Scuola

Sinopoli (Flc Cgil): «Boccia dica con chiarezza che la scuola non va regionalizzata»

Sinopoli (Flc Cgil): «Boccia dica con chiarezza che la scuola non va regionalizzata»Il segretario generale della Flc Cgil Francesco Sinopoli

Autonomia differenziata Il segretario della Flc Cgil Francesco Sinopoli sulle ipotesi avanzate dal ministro degli affari regionali Francesco Boccia: «I presidenti delle regioni non possono gestire la composizione delle classi, né i docenti possono essere obbligati a restare in un territorio. I problemi vanno gestiti a livello nazionale». «Domani abbiamo indetto lo sciopero di scuola e università contro l'emergenza climatica e saremo in piazza con Fridays for Future»

Pubblicato circa 5 anni faEdizione del 26 settembre 2019

Francesco Sinopoli, segretario Flc Cgil, dopo un incontro con il governatore lombardo Attilio Fontana (Lega) il ministro degli affari regionali Francesco Boccia ha sostenuto che i presidenti di regione potrebbero decidere «quanti studenti ci sono in una classe». Cosa ne pensa?
Di Boccia abbiamo apprezzato il metodo della trasparenza sull’autonomia differenziata. Da lui ci attendiamo che dica con chiarezza che la scuola non può subire alcuna misura di regionalizzazione. Quanto alla proposta, lo dico senza nessuno spirito polemico, penso che sia assurda. Non servono staterelli regionali che gestiscono la composizione delle classi. È impensabile che siano i presidenti delle regioni a farlo. Il problema va considerato globalmente: l’edilizia, gli organici, la didattica e le assunzioni. Questi non sono problemi regionali, ma di tutto il paese. Si articolano nei territori in modo simmetrico: a Nord c’è l’emergenza della continuità didattica perché mancano tanti insegnanti; a Sud invece c’è quella del tempo scuola. Il nodo è lo stesso: i fondi investiti sugli organici. Bisogna partire dalla stabilizzazione dei precari e programmare concorsi biennali, coinvolgere l’università, cambiare i parametri attuali come la riduzione degli alunni che accompagna quella degli organici. Questo facilita lo spopolamento di intere zone del paese. Boccia dovrebbe saperlo visto che viene da una regione coinvolta in questi problemi. Bisogna decidere le priorità nazionali e da lì investire.

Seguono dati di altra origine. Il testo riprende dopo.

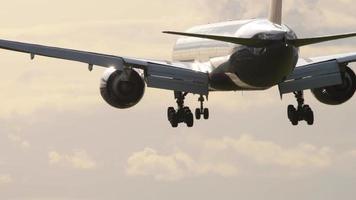 Airliner landing in the morning light. video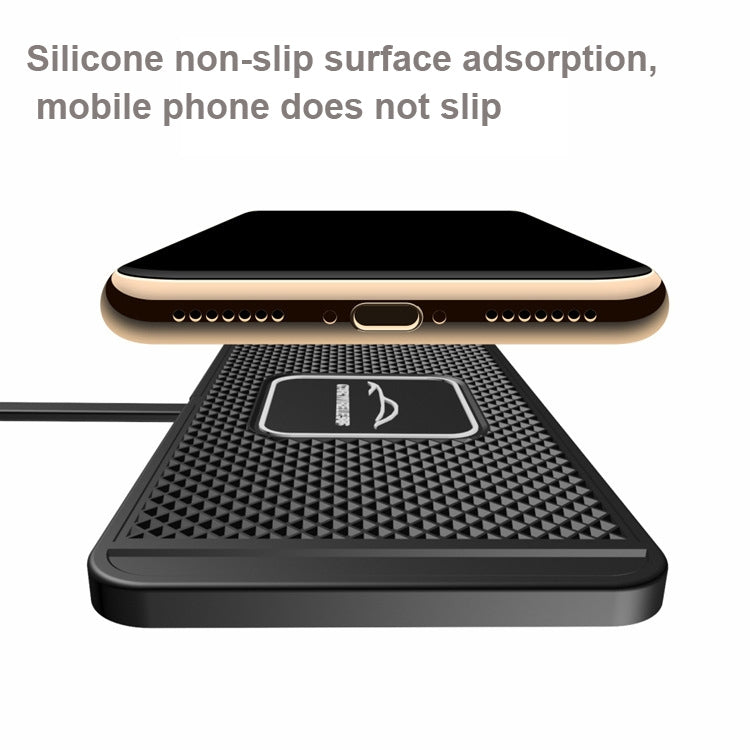 Car wireless charger pad with textured non-slip surface holding a phone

Cosa pensa dell’ipotesi, avanzata sempre da Boccia, per cui un docente dovrebbe restare in un territorio «cinque anni, come si fa con l’agenzia delle entrate»?
Bisogna costruire possibilità occupazionali tali da permettere ai lavoratori di impiegarsi in questi territori. Lo si può fare attraverso gli strumenti del contratto nazionale di lavoro, non serve un vincolo normativo. Ci si confronta, eventualmente si costruiscono criteri basati su incentivi, ma l’idea dell’obbligo non è condivisibile.

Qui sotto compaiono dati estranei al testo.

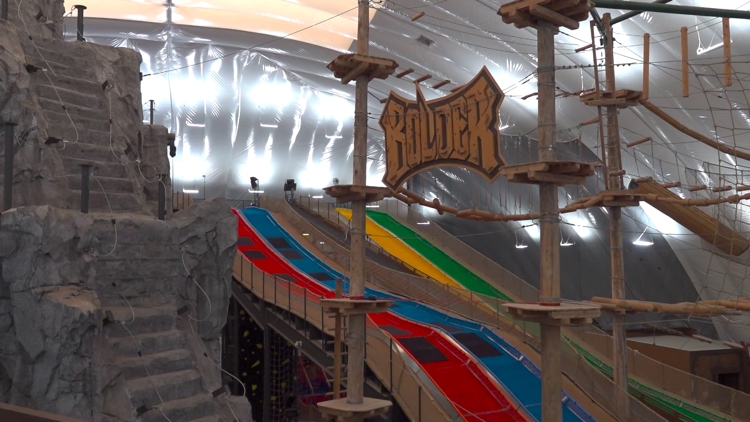 Families enjoying activities at Bolder Adventure Park before its closure.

Sull’autonomia differenziata il nuovo governo intende istituire i Livelli essenziali delle prestazioni e assicura una lotta contro le diseguaglianze tra Nord e Sud. È sufficiente per cambiare il senso di questa riforma?
Se in tutto il Mezzogiorno ci fossero gli asili e scuole e ciò fosse garantito dai Lep sarebbe ottimo. Ma tutto questo non c’entra nulla con le richieste di autonomia delle regioni che hanno altri obiettivi: il consenso elettorale a breve termine, ad esempio. A tutte le richieste avanzate dalle regioni ci deve essere un’unica risposta: quella dello Stato. È inutile inseguire una fittizia questione settentrionale. Lo abbiamo visto già con la vicenda della riforma del titolo V ella Costituzione nel 2001. Quello è stato un errore che si paga ancora oggi.

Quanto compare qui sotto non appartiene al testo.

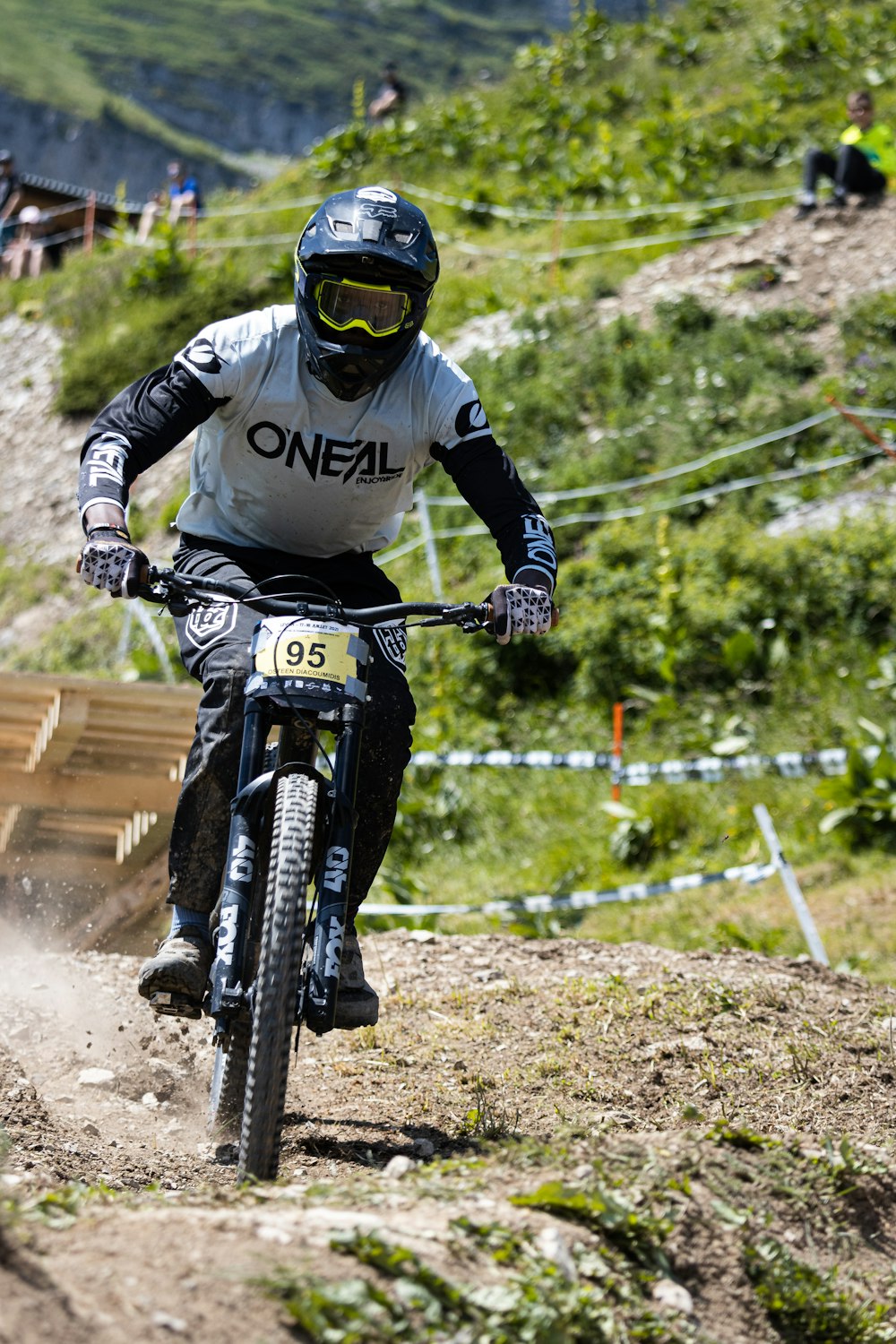 man in black and white motorcycle suit riding on black mountain bike during daytime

Bastano tasse di scopo su merendine e voli aerei per recuperare almeno i nove miliardi tagliati a scuola e università negli ultimi dieci anni?
No, basterebbe riconvertire tutti gli incentivi dati alle imprese spesso senza una logica e investirli in istruzione e ricerca. Basterebbe decidere che questa è una priorità nazionale nella legge di bilancio e non servirebbero tasse di scopo. Poi ci possono anche essere, ma visto che il bilancio dello Stato si fa attraverso scelte, allora partiamo dalle scelte.

Quanti investimenti sarebbero necessari per recuperare il terreno perduto?
Un punto di Prodotto Interno Lordo subito. Dieci miliardi di euro, non è una cifra enorme. Sappiamo che tra clausole di salvaguardia e altri capitoli di spesa sarà complicato quest’anno, ma è sostenibile in tre anni. Questo è il plafond da cui partire. Ricordo che già dieci anni fa eravamo indietro, ora la situazione è drammatica.

Come i sindacati di base domani avete indetto lo sciopero delle scuole e parteciperete alle manifestazioni dei «Fridays for future». Che significato ha per la Cgil unirsi a questo sciopero?
Per la Flc Cgil significa rispondere a questo grande movimento che ci ha chiesto un segnale chiaro. Vuol dire schierarsi sulla più grande emergenza della nostra epoca: la lotta contro l’emergenza climatica. Significa riconoscere che il mondo della conoscenza ha una responsabilità particolare: per ripensare il modello di sviluppo bisogna partire dall’educazione nell’infanzia e finire per promuovere la ricerca più avanzata.

L’otto marzo avete aderito allo sciopero lanciato dal movimento femminista. Quante possibilità oggi ci sono che tutta la Cgil aderisca allo sciopero del prossimo anno come accade ad esempio in Spagna?
Noi abbiamo aderito allo sciopero come Flc. In Cgil la discussione è articolata, ci sono posizioni diverse, e legittime, sul senso dello sciopero, come è vissuto dai lavoratori e quali ricadute ha. Lo sciopero sociale comporta una riflessione all’interno dell’organizzazione. Per aderire noi abbiamo fatto un direttivo nazionale dove abbiamo votato all’unanimità un ordine del giorno.

Avverrà in tutta la Cgil?
Lasciamo le scelte al dibattito democratico.